In the TA Teaching Development Program I lead, for example, the value of the technology is a boon: the simplicity of Blackboard for document sharing, the flexibility of Zoom for real-time communication, and the ease of WeChat to bridge everything together. This tech doesn’t replace a teacher’s physical movement in a classroom setting between paired groups on a writing assignment, but it does encourage movement between platforms. And this nimbleness facilitates the growth of relationships among learners and expands student engagement. For “in-class” discussions, students no longer simply talk about their assignment; they now have the opportunity to utilize digital content sharing, which I encourage. The focus is less on pronunciation and communication skills and more on tech-savvy interpretations of the materials, forming a new type of approach in what we perceive as communication.

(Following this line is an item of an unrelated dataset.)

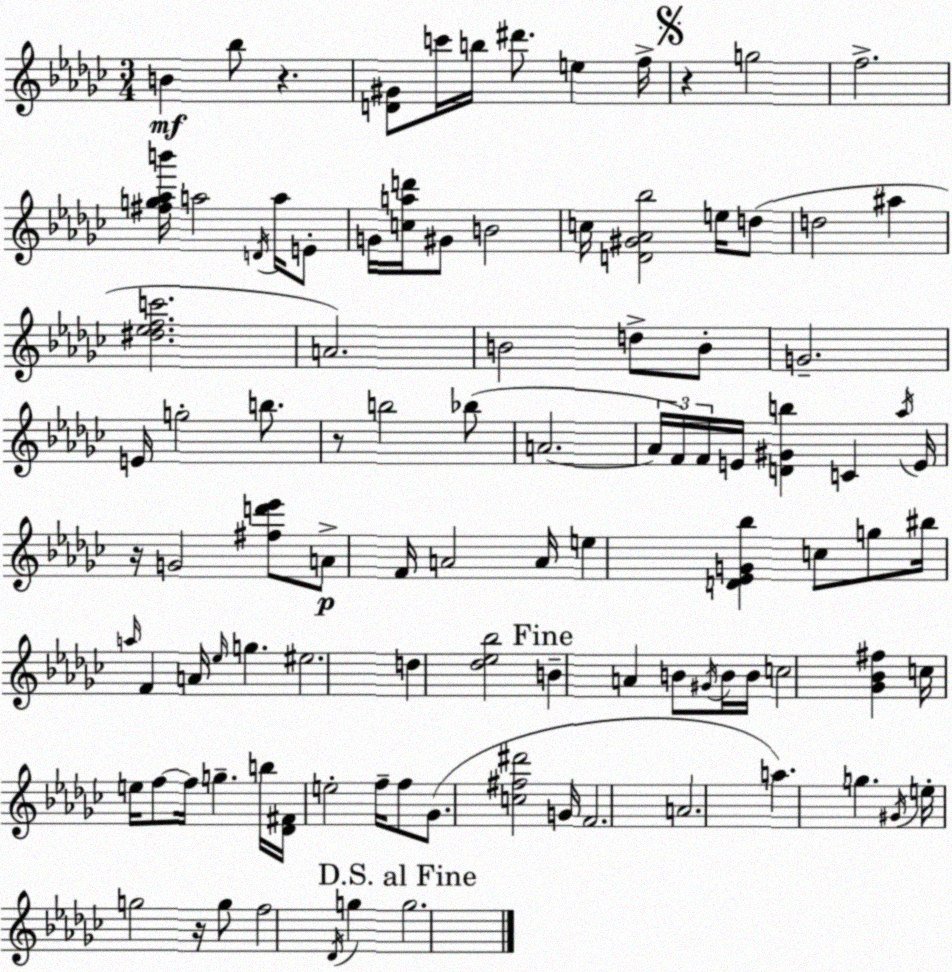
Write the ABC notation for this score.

I also run an Engineering Teaching Development Program, where one of the projects we’re working on is understanding how different types of learning—visual, aural, verbal, etc.—are affected by this transition to online instruction for students and teachers alike. The project covers topics like inspired and interactive teaching, and challenges teachers to consider how we transmit not just the what but the why to our students.
Throughout my career, I have embraced the idea that the best way to teach is to listen to what your students have to say about learning. In this unprecedented time, I believe that principle to be especially true. I have learned so much from my students through thoughtful and active listening. I get so many insights from them comparing and contrasting how they used to learn to how they now must learn, and they showcase their explanations through digital literacy.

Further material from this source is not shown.